> [WHAT TO DO]: Both the line with "Top Tier 6-Piece" and the line with "Todo cuenta: sombrillas, agua, parasoles, ropa" in the records below must appear in the output, along with every line between them, exactly and with nothing added.

> [INFORMATION PROVIDED]:
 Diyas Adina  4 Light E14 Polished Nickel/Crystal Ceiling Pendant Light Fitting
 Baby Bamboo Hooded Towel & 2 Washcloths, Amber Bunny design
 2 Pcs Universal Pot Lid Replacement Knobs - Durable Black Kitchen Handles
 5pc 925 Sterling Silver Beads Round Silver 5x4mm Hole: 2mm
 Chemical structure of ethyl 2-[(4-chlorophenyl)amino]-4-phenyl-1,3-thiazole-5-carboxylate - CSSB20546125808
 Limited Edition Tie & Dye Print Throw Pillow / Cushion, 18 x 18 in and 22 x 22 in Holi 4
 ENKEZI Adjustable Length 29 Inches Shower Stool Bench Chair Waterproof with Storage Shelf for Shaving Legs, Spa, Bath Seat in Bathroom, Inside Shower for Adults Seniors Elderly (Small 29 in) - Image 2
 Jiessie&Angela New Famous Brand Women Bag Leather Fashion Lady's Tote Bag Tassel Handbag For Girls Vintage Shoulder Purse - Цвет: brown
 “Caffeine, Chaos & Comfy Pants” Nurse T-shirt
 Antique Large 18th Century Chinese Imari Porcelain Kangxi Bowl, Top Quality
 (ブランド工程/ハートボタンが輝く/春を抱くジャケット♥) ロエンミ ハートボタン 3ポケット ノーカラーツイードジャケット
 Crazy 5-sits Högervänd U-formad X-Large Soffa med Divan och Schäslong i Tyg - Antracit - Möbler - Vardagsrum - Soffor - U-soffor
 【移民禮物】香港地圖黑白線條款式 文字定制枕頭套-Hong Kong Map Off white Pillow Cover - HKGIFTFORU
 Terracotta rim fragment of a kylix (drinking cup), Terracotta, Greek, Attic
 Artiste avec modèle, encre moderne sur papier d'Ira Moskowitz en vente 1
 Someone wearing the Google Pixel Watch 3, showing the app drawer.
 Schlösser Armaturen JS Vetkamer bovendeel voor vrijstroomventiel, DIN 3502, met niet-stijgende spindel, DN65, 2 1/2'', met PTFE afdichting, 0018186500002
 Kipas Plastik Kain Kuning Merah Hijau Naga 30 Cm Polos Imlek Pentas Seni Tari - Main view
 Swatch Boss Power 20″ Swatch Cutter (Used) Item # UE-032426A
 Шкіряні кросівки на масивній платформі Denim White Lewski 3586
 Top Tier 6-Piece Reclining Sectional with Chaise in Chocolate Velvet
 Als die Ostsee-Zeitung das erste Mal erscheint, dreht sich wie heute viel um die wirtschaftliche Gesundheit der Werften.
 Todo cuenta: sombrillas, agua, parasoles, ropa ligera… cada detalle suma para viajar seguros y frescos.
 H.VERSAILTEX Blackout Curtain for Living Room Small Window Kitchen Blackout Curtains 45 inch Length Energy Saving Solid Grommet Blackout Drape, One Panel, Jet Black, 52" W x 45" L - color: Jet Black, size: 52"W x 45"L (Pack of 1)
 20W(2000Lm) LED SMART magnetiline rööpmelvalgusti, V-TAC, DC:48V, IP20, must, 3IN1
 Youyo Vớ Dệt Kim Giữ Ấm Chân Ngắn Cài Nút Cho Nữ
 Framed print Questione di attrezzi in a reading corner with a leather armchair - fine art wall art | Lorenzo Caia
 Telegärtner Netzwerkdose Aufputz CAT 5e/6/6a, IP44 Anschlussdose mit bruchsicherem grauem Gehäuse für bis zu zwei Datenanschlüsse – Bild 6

> [WRITTEN RESPONSE]:
 Top Tier 6-Piece Reclining Sectional with Chaise in Chocolate Velvet
 Als die Ostsee-Zeitung das erste Mal erscheint, dreht sich wie heute viel um die wirtschaftliche Gesundheit der Werften.
 Todo cuenta: sombrillas, agua, parasoles, ropa ligera… cada detalle suma para viajar seguros y frescos.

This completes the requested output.